I wish there was a simple pathway from the origin of fatphobia to its often-devastating results, so that fat people and allies could home in on it and easily burst it apart with knowledge and empathy. Look, I’m the author of books about cute teens having swoony experiences, not a social scientist, so I realize a discussion regarding fatphobia in modern culture and its various root causes and effects are beyond my capabilities. I’m so glad those conversations are happening; I’m constantly grateful for anyone embarking on fat studies, and for all the fat activists who’ve gotten people to see this is something worth taking seriously.
But I don’t think it takes a social scientist to understand where misunderstanding, stereotypes, and even downright hate are coming from. Just the experience of living as a fat person teaches you quite a bit about why the world sees us the way that it does. And something that’s hard not to learn? As far as pop culture goes, we might as well not exist.
Of course, I’ve often thought that not existing in media sounded great in comparison to the representations of fat people I was used to.

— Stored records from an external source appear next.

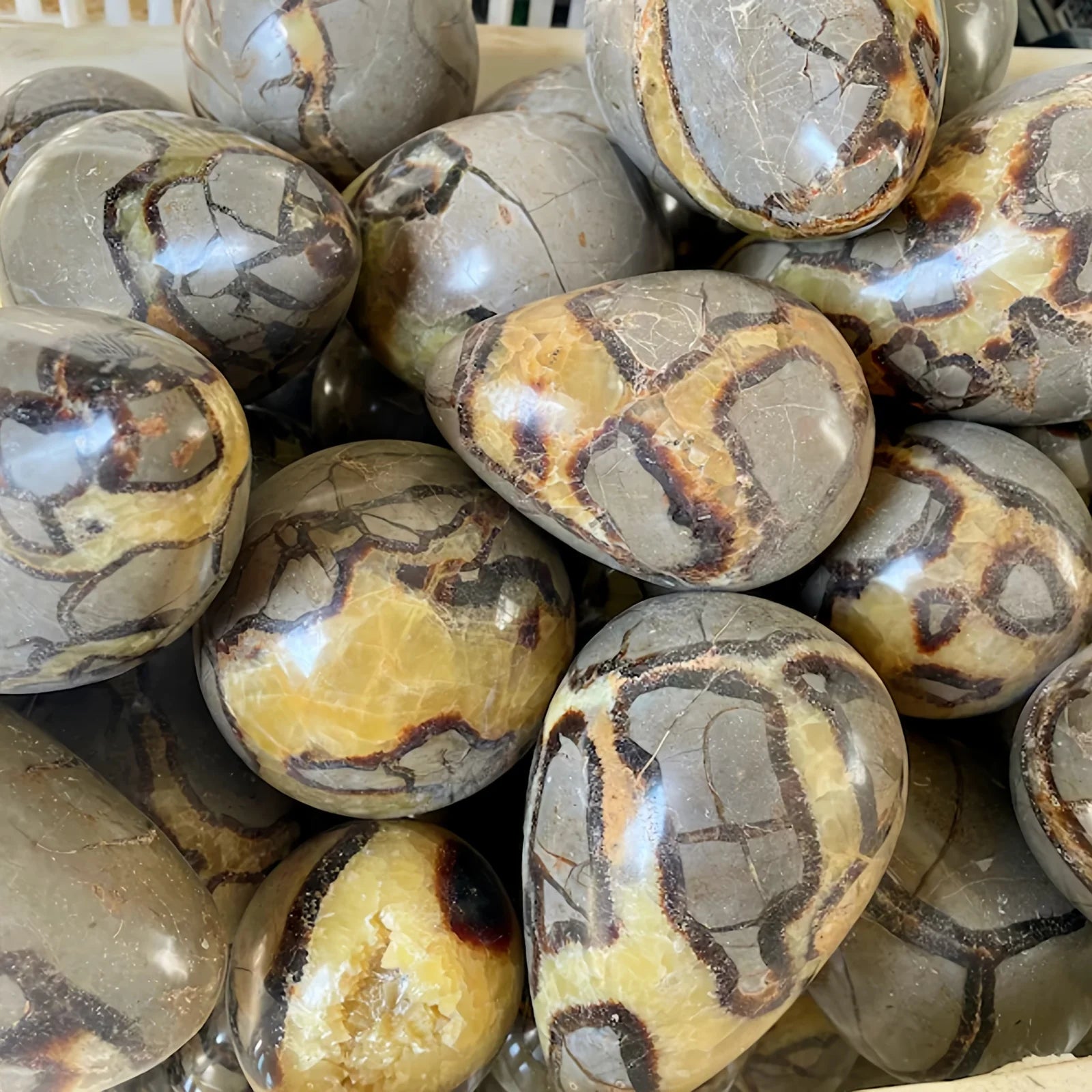 1pc, 12 kg Natural Septarian Crystal Egg - Eye Catching Home Decor
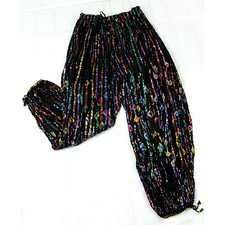 Vintage Inconnection Metallic Stripe Tie Dye Drawstring Lounge Genie Pants OS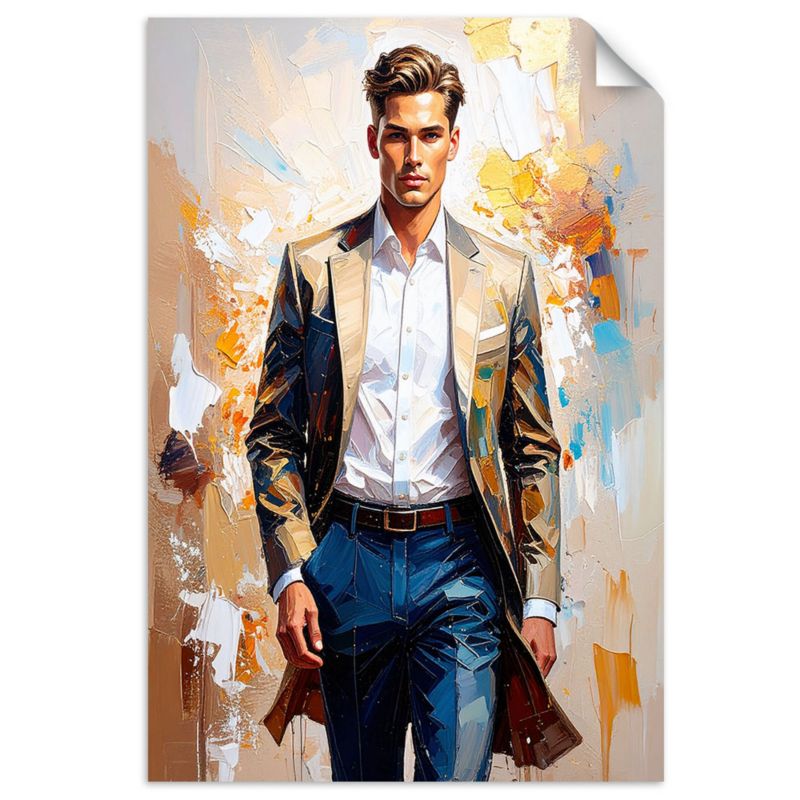 Plakaty samoprzylepne do salonu sypialni Feeby Mężczyzna na pokazie mody 20x30cm 1szt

The one I think of the most is that crowd footage of headless fat people frequently used by local news stations to talk about stories ranging from so-called obesity epidemics to cholesterol medicine updates. There was never a camera angle that included any faces; these headless fats let you know the only thing worse than being fat was having the public know you were fat. Who were we supposed to think these fat bodies were attached to? Where were the headless fats going? What did the release form say when a cameraman pointed the lens at them? I guess none of this mattered to anyone, because if you don’t think of fat people as fully three-dimensional humans, what does it matter? Three-dimensional people typically have heads, after all, and clearly these fats didn’t. It sure is easy to reduce people to stereotypes when you dehumanize them entirely.
For the record, all the fat people I’m lucky enough to know have heads.
Yeah, yeah, that’s just B-roll footage on nightly news stories; and who even watches the local news these days, am I right? But in scripted entertainment, I never felt like fat people fared any better. Maybe worse! At least the headless fats looked like they had somewhere to go and other fat people to walk, if not talk, with. Hopefully they had a support group. Hopefully that footage was captured on their way to the coolest party ever.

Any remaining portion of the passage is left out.